Is it an option? If so, why?

Is it in line with the RPW?


----------



## Scott Bushey (Apr 27, 2005)

> _Originally posted by Rick Larson_
> At our church the baby dedication encompasses the following:
> 
> 1) Introducing the child to the congregation
> ...



It's not biblical...............


----------



## heartoflesh (Apr 27, 2005)

> _Originally posted by Scott Bushey_
> 
> 
> > _Originally posted by Rick Larson_
> ...




That's a little vague.


----------



## Me Died Blue (Apr 27, 2005)

Rick, one of the main problems and inconsistencies I see in it I explained throughout this thread.



> _Originally posted by fredtgreco_
> Is it in line with the RPW?



Good point.


----------



## Puritanhead (Apr 27, 2005)

*I\'m still a believer in \"Believer\'s Baptism\"*



> _Originally posted by sntijerina_
> Also, no record of an infant dedication in the NT.



In fairness, there is no explicit record of infant baptism in the NT either. Paedobaptists make the inference largely based on the Roman soldier mentioned in the Acts of the Apostles who had his whole family baptized. As I Reformed Baptist, who was raised a Congregationalist (which also held to believer's baptism), I will readily admit I have heard some extremely asinine and absurd arguments, some profoundly Arminian, for believer's baptism. Nonetheless, the case for infant baptism has never has watertight as Presbyterians make it out to be. Our Lord Jesus Christ didn't get an infant baptism did he? That's right... he was baptized by submersion in the river Jordan and at a pretty ripe age. Even if I were to ever accept the proposition of infant baptism, I could never accept there is some inherent wrong in _believer's baptism_ as so many Presbyterians would have me believe.
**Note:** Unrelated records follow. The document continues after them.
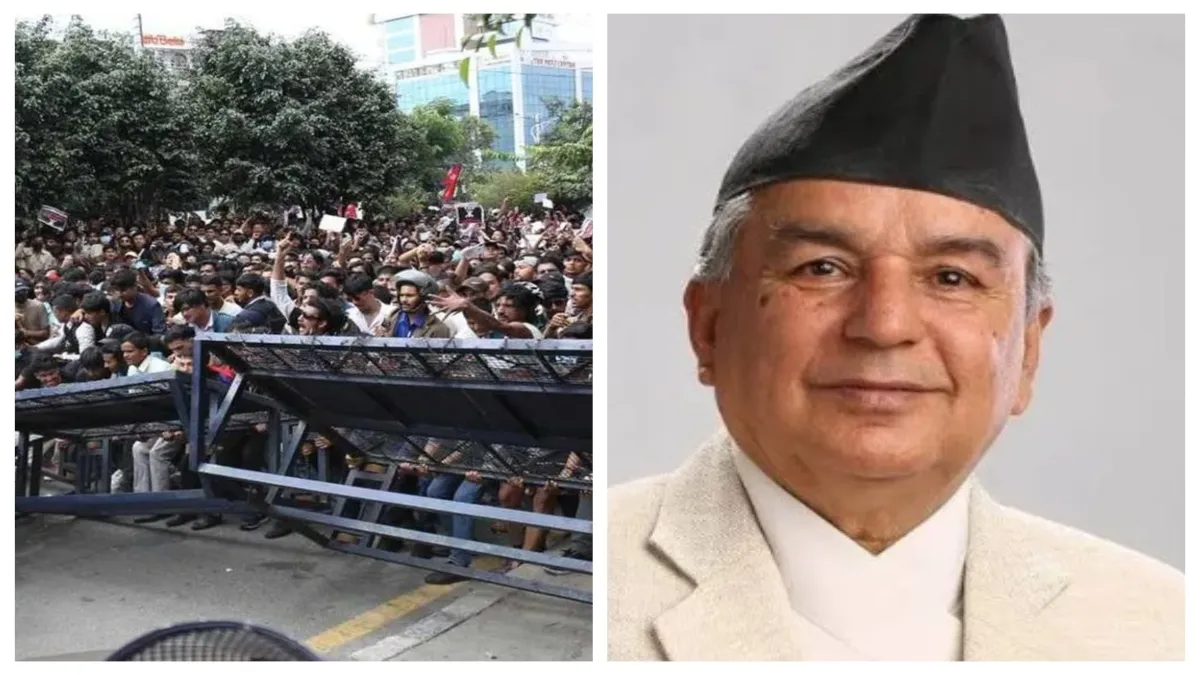 नेपाल के राष्ट्रपति ने दिया इस्तीफा- India TV Hindi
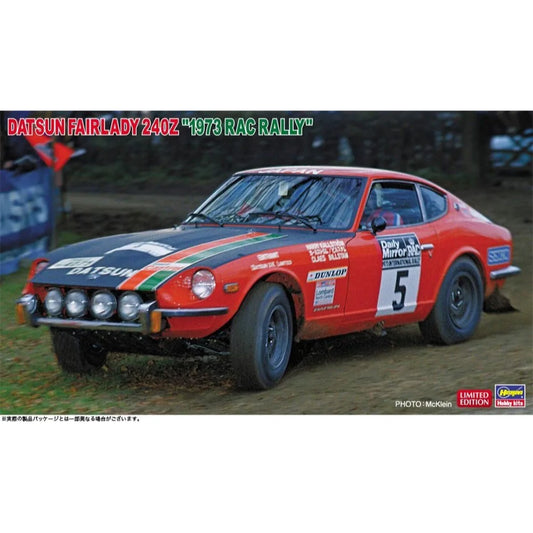 1/24  DATSUN FAIRLADY 240Z  - 1973 RAC RALLY -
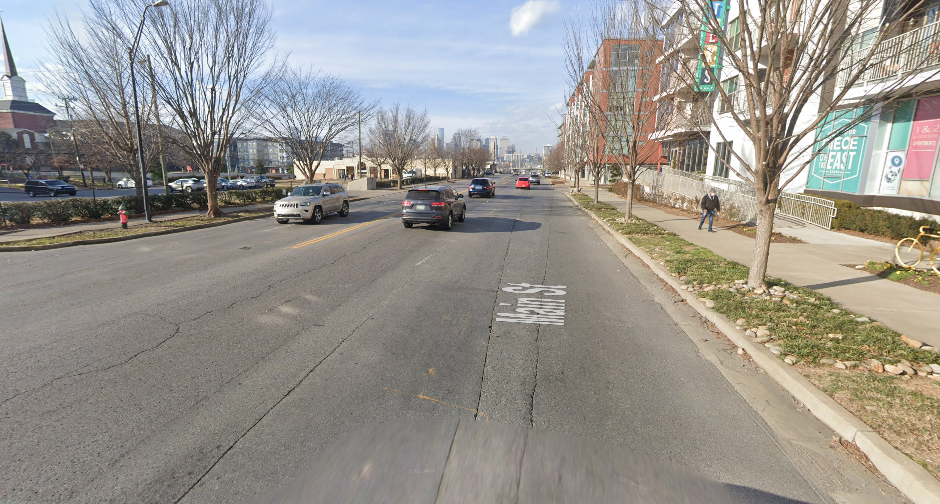 Nashville Motorcycle Accident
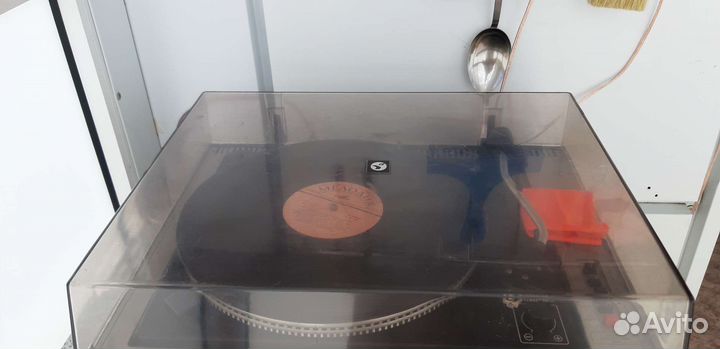 Проигрыватель винила вега 109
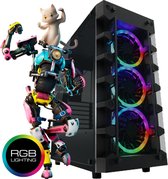 omiXimo - Game PC - Ryzen 3 - GT1030 - 8 GB ram - 480 GB SSD | LC709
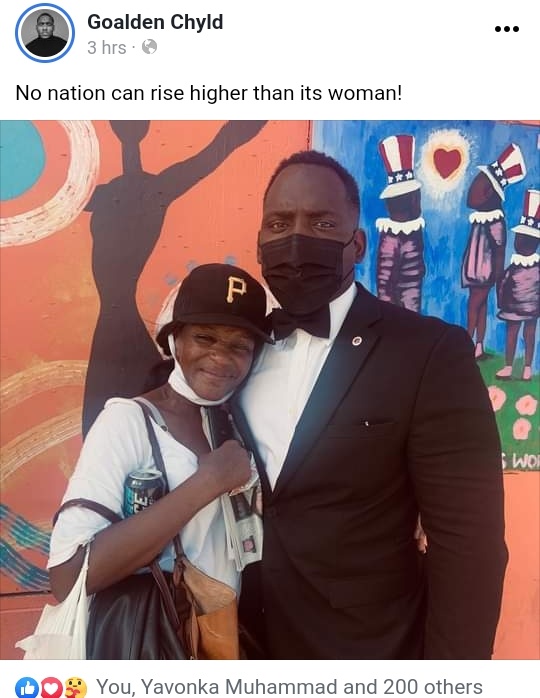 This brother <a href="/Goalden_Chyld/">Goalden Chyld</a>
is a real one. #FarrakhanInspired
#FOI #KeepItMessiah 
#BlackWomen #BlackTwitter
A Baptist and a Congregationalist were driving to a picnic one summer and saw all these kids running around in the sprinkler. The Baptist said, "Sheesh! Those kids have a pool in the backyard for crying out loud! What's wrong with them?" The Congregationalist replied, "I think their family belongs to one of those _hydrophobic_ denominations..." The Baptist inquired, "Are they Methodists?" The Congregationalist replied, "Nah... they're Presbyterians."


Now, if only my Reformed Baptist church would use real "Communion Wine"-- we would get it _all_ right.
:bigsmile:

[Edited on 4-27-2005 by Puritanhead]


----------



## WrittenFromUtopia (Apr 27, 2005)

> And in all due respect, no record of an infant baptism in the NT. (Writing for the minority.)
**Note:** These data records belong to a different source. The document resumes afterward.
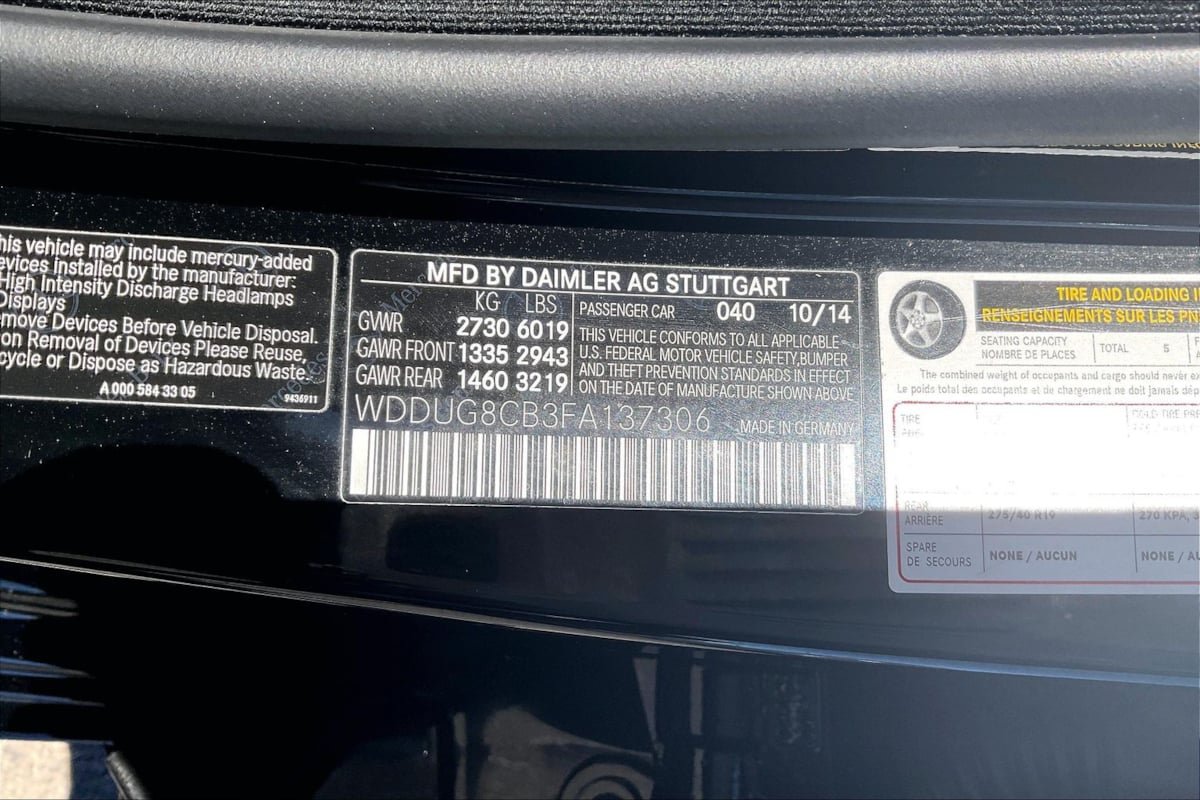 Used 2015 Mercedes-Benz S 550 Sedan image 33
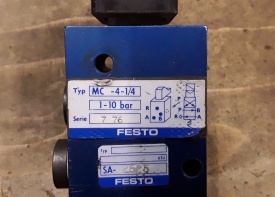 Festo magneetventiel MC-4-1/4 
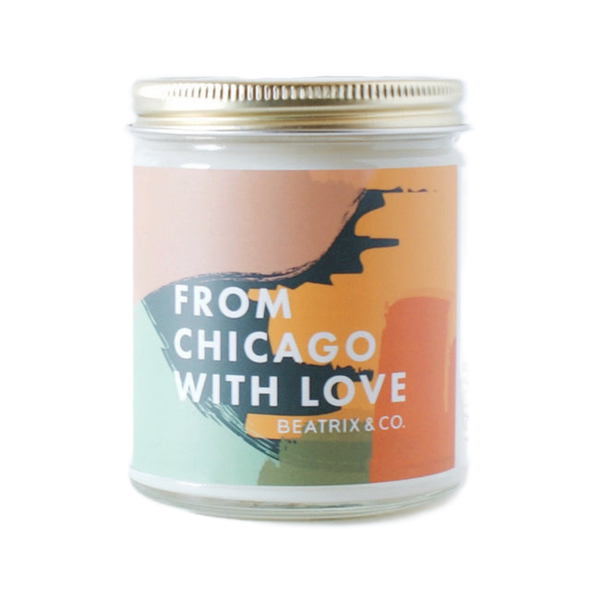 From Chicago With Love Candle Beatrix & Co Home - Candles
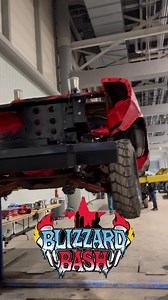 Team DMI/Outlaw Graffix is on the lift for Super Stock inspection line here at Blizzard Bash. If you can’t make it tune into DerbyNation.TV Nov. 7-10 with the link below! https://derbynation.tv/videos/38361 | Smash It Demolition Derby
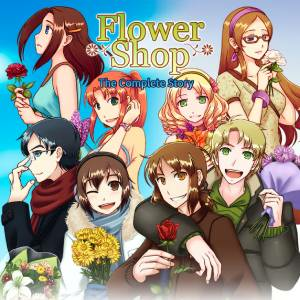 Flower Shop The Complete Story Playstation 5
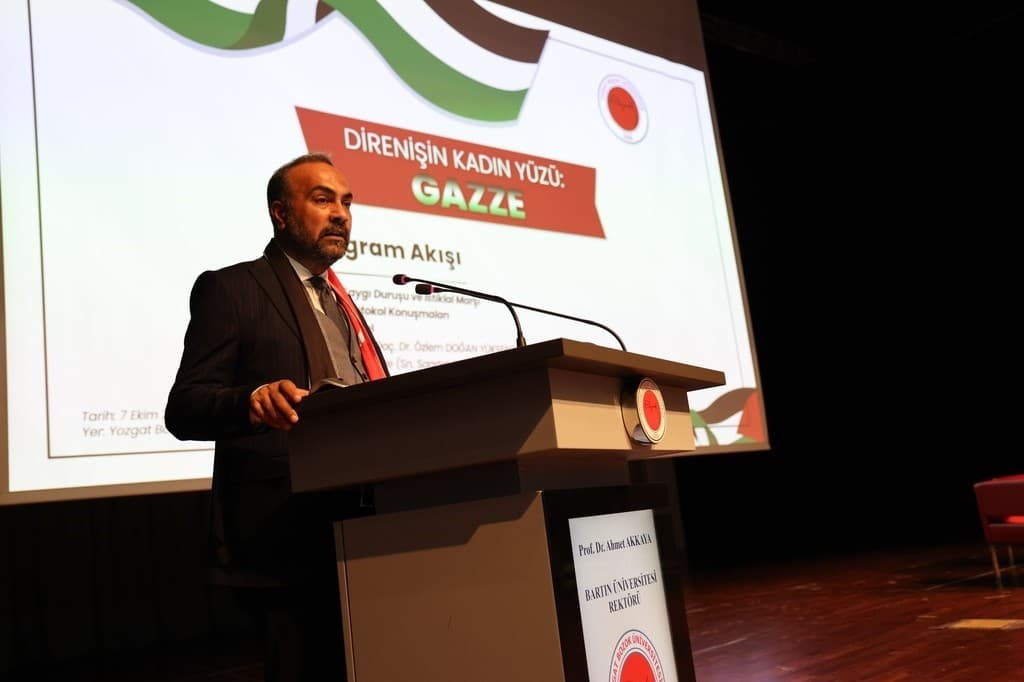 BARÜ ile YOBÜ iş birliğinde anlamlı panel: "Direnişin Kadın Yüzü: Gazze"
There's no examples of believer's-only baptism in the NT, either.


----------



## kevin.carroll (Apr 27, 2005)

> _Originally posted by LadyFlynt_
> From our studies (and I admit that my knowledge is limited) there is no biblical basis for it, in a sense. Hannah "dedicated" Samuel...that is what Baptists use...but it's not the same. From what I've been told, Baptists use "dedications" as a means of replacing the dedication part of paedobaptism without the water since they hold to believer's baptism (hubby and I were raised baptist)



Schaeffer calls them waterless baptisms!


----------



## turmeric (Apr 27, 2005)

Jesus was baptized AND circumcised! Hmmm...!


----------



## kevin.carroll (Apr 27, 2005)

> _Originally posted by govols_
> Maybe it would be better to name it "A vow of godly rearin"?
> 
> My church does the same thing.
> ...



We do to. See BCO 56-5. Of course we baptize them first.


----------



## Puritanhead (Apr 27, 2005)

> _Originally posted by kevin.carroll_
> 
> 
> > _Originally posted by LadyFlynt_
> ...



You guys act as though-- we negate the baptism ordinance altogether the way you talk. So called _dedication_ whether declared in front of a congregation or between God and man in private, is nothing more than a family expressing its commitment to raise a child "in fear and admonition of the Lord." If you want to hold people in fault for that... than so be it.


----------



## Me Died Blue (Apr 27, 2005)

Let's not let this become a baptism debate...



> _Originally posted by Puritanhead_
> So called _dedication_ whether declared in front of a congregation or between God and man in private, is nothing more than a family expressing its commitment to raise a child "in fear and admonition of the Lord." If you want to hold people in fault for that... than so be it.



But would you likewise acknowledge that in your system, you cannot really have any grounded hope that the raising of them in that way is doing any good, any more than a simple Gospel presentation to a random person would on any given day? If not, read the thread I linked above.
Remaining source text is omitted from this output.